* EXERCISE DESCRIPTION
Every line of the records below that has the word "code" should be copied.

[Collected data entries]
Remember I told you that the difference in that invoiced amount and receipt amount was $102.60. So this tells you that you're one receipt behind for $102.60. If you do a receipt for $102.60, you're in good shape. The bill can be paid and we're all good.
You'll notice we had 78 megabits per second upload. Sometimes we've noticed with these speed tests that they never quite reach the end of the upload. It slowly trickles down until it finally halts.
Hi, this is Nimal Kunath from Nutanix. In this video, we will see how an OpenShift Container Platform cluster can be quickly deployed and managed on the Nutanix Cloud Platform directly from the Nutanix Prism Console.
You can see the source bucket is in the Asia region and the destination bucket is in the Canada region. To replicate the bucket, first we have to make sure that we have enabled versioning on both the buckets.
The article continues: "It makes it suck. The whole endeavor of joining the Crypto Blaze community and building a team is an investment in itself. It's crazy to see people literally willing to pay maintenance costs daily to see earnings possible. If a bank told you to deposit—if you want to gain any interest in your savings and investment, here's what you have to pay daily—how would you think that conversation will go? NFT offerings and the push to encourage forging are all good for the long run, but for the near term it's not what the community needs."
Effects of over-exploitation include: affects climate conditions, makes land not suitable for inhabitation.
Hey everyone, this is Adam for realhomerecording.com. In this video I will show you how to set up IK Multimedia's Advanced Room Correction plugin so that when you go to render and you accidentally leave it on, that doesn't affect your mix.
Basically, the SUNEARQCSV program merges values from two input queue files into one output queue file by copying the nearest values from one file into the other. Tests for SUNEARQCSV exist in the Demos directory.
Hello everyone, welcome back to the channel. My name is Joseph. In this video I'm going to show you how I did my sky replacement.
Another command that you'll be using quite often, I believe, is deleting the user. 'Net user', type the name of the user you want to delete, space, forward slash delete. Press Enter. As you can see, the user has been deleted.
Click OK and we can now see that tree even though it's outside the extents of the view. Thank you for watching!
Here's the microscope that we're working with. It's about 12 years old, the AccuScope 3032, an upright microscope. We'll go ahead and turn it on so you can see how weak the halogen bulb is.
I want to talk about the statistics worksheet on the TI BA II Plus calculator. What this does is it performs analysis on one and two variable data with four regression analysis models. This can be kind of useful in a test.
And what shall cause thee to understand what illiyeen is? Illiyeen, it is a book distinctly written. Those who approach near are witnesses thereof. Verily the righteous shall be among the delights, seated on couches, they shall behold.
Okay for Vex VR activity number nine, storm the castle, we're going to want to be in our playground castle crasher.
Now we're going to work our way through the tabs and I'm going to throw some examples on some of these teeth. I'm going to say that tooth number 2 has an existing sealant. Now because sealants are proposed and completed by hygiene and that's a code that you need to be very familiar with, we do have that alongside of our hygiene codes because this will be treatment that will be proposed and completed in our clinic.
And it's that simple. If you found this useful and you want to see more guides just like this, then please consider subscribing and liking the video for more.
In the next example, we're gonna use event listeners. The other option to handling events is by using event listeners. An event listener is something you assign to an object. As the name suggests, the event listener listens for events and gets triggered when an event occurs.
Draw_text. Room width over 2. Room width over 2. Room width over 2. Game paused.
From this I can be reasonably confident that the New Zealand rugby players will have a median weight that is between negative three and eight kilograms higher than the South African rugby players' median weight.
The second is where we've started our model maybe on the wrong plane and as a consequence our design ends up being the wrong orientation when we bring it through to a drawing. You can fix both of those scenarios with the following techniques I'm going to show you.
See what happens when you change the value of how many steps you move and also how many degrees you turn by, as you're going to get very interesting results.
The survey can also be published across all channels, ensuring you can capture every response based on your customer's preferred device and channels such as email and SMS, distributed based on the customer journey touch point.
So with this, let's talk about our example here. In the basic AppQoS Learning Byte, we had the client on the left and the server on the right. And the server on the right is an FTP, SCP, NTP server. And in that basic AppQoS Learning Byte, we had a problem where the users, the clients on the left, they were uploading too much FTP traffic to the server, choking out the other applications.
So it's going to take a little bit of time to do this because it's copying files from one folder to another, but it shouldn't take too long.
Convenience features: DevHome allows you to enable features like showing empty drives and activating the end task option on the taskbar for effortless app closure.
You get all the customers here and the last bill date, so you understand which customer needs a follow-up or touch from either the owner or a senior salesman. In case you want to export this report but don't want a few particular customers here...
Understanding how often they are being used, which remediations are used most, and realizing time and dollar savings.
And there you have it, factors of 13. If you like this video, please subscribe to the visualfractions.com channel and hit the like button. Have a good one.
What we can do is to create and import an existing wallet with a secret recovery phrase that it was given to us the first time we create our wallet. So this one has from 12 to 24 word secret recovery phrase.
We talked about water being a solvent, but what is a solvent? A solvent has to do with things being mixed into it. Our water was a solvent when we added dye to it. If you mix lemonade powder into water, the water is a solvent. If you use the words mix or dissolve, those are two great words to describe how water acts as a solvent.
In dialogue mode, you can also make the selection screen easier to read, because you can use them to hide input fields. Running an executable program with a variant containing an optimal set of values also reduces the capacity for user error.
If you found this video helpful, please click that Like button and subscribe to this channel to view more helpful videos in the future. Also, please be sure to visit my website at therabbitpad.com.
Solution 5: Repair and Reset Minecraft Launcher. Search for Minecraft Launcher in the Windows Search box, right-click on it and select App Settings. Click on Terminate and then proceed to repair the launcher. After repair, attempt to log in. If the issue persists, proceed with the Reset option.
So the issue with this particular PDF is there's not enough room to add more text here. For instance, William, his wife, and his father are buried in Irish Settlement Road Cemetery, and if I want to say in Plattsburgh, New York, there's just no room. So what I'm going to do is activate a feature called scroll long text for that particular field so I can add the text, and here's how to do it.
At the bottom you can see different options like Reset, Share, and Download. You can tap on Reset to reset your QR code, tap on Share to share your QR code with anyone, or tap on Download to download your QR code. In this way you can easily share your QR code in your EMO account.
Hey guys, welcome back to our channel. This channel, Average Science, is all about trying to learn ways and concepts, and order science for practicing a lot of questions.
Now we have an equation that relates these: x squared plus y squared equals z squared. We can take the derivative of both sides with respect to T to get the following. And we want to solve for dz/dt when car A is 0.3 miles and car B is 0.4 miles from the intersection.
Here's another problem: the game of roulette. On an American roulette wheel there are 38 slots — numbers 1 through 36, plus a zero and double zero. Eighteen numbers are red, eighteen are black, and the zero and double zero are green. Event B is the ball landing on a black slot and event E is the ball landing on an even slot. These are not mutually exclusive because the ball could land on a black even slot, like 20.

* SOLUTION
Now we're going to work our way through the tabs and I'm going to throw some examples on some of these teeth. I'm going to say that tooth number 2 has an existing sealant. Now because sealants are proposed and completed by hygiene and that's a code that you need to be very familiar with, we do have that alongside of our hygiene codes because this will be treatment that will be proposed and completed in our clinic.
At the bottom you can see different options like Reset, Share, and Download. You can tap on Reset to reset your QR code, tap on Share to share your QR code with anyone, or tap on Download to download your QR code. In this way you can easily share your QR code in your EMO account.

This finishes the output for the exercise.